CFP: EASST 2018 - Commoning the Smart City

EASST 2018, 25-28th July 2018, Lancaster University, UK

Dear all,

We (Nicole Foster and ginger coons of the Digital Cultures Research Centre
at the University of the West of England) welcome submissions to EASST 2018
panel A10: Commoning the Smart City. Submissions can be made through the
EASST website https://nomadit.co.uk/easst/easst2018/conferencesuite.php/pa
nels/6199. Deadline for submissions is February 14, 2018.

Engineers, planners and policymakers espouse faith in technocratic
solutions to urban ills. 'Smart city' narratives suggest that positive
outcomes can be achieved by creating personalised experiences of the city.
Instead of a generalised conception of the public, city inhabitants are
constructed as diverse consumers representing market sectors. Interactions
with public services and spaces can be tailored to produce efficient
behavior and pleasurable, engaging experiences, making concerns regarding
surveillance and social engineering more difficult to identify and contest.
Because the 'smart city' is based on aggregating and exploiting individual
preferences and behaviors, realising the ideal of an urban commons becomes
even more elusive.

The 'hackable city' (frequently constituted as bottom-up organizing) could
provide a subversive corrective to 'smart city' (top-down,
centrally-managed) initiatives. However, the radical potential of these
practices remains uncertain. While do-it-yourself urbanists and civic
hackers can be seen as challenging these narratives through the
appropriation of technologies and spaces by encouraging unsanctioned uses
of public spaces, such projects are not subject to participatory planning
processes and may reflect elite consumption preferences. 'Hackable city'
interventions could prove to be exclusionary.

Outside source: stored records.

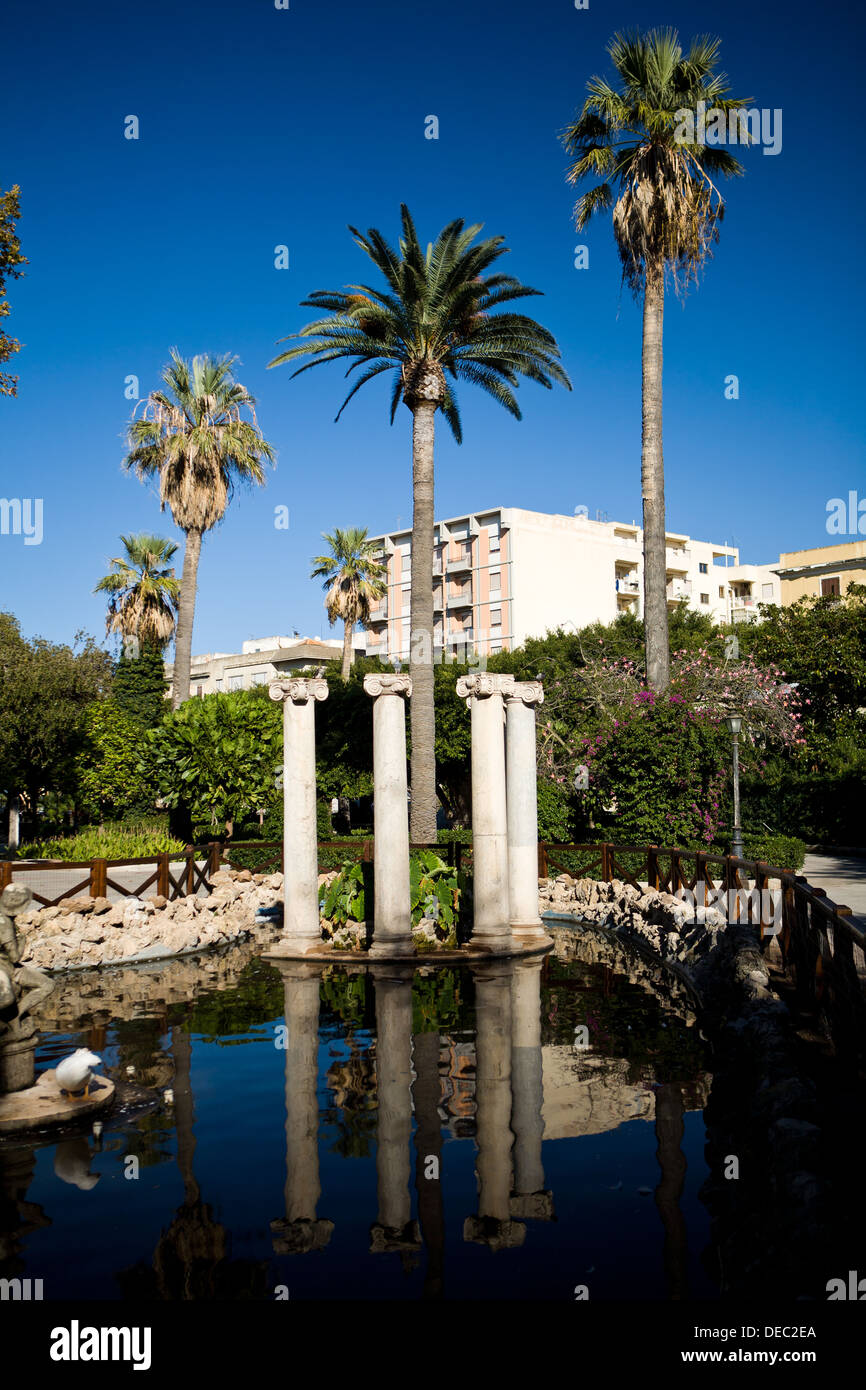 Le parc de la Villa Margherita de Trapani dans la province de Trapani, en Sicile. Banque D'Images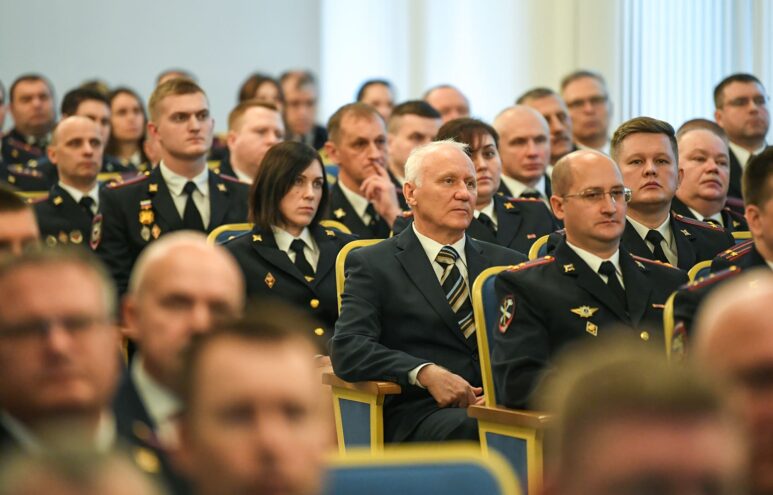 Игорь Руденя в День сотрудника органов внутренних дел РФ вручил награды правоохранителям Верхневолжья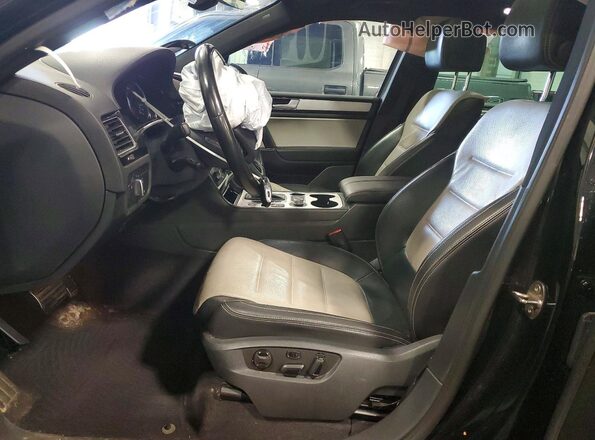 WVGRF7BP5HD006143 2017 VOLKSWAGEN TOUAREG Black Вид салону спереду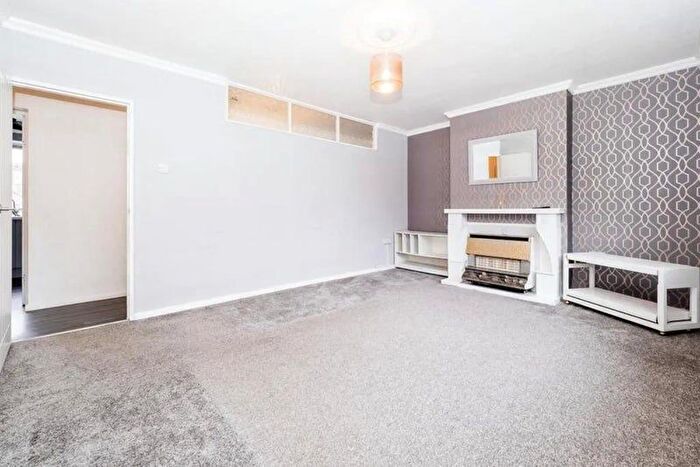 3 Bedroom Flat To Rent In Cranbrook Road, Ilford, IG6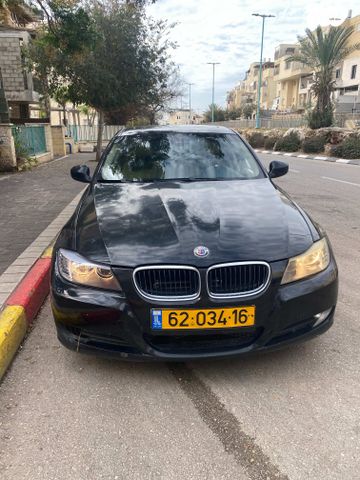 מודעת רכב ב מ וו סדרה 3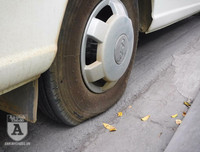 [Ảnh] Chiếc xe khách mắc kẹt trên cầu vượt Thái Hà khiến nghìn người chôn chân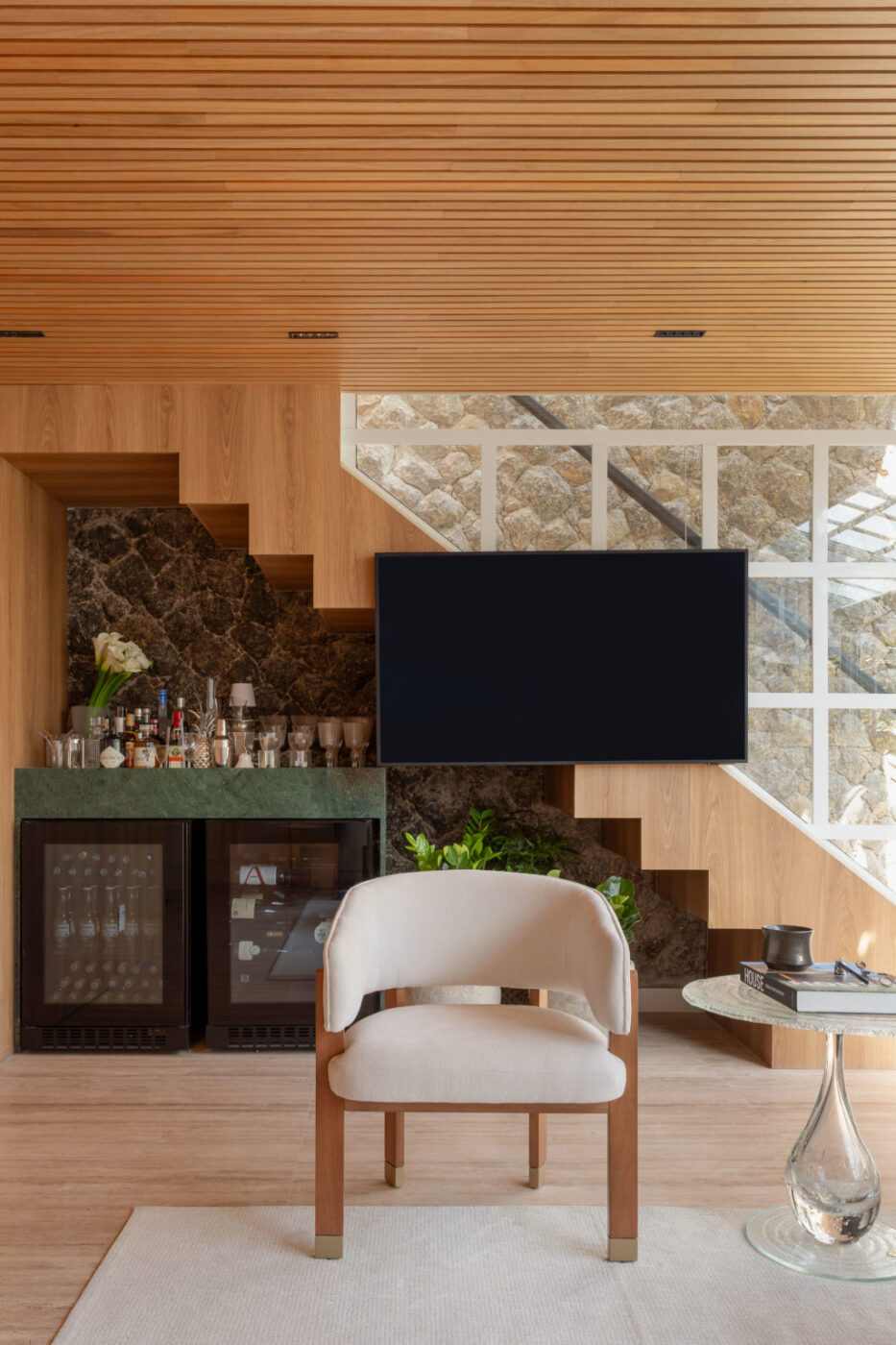 Cobertura no Leblon revela como o design contemporâneo pode criar um verdadeiro refúgio urbano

We invite contributions which critically explore the tensions underpinning
smart and hackable city technologies, public space and its relationship to
the commons. How might engagement with technically-mediated public spaces
undermine or constitute a commons? Do hackable city interventions empower
public space users to become producers? We especially seek work that
complicates implicit dichotomies like bottom-up and top down, or hackable
versus smart, engaging with the grey space between extremes.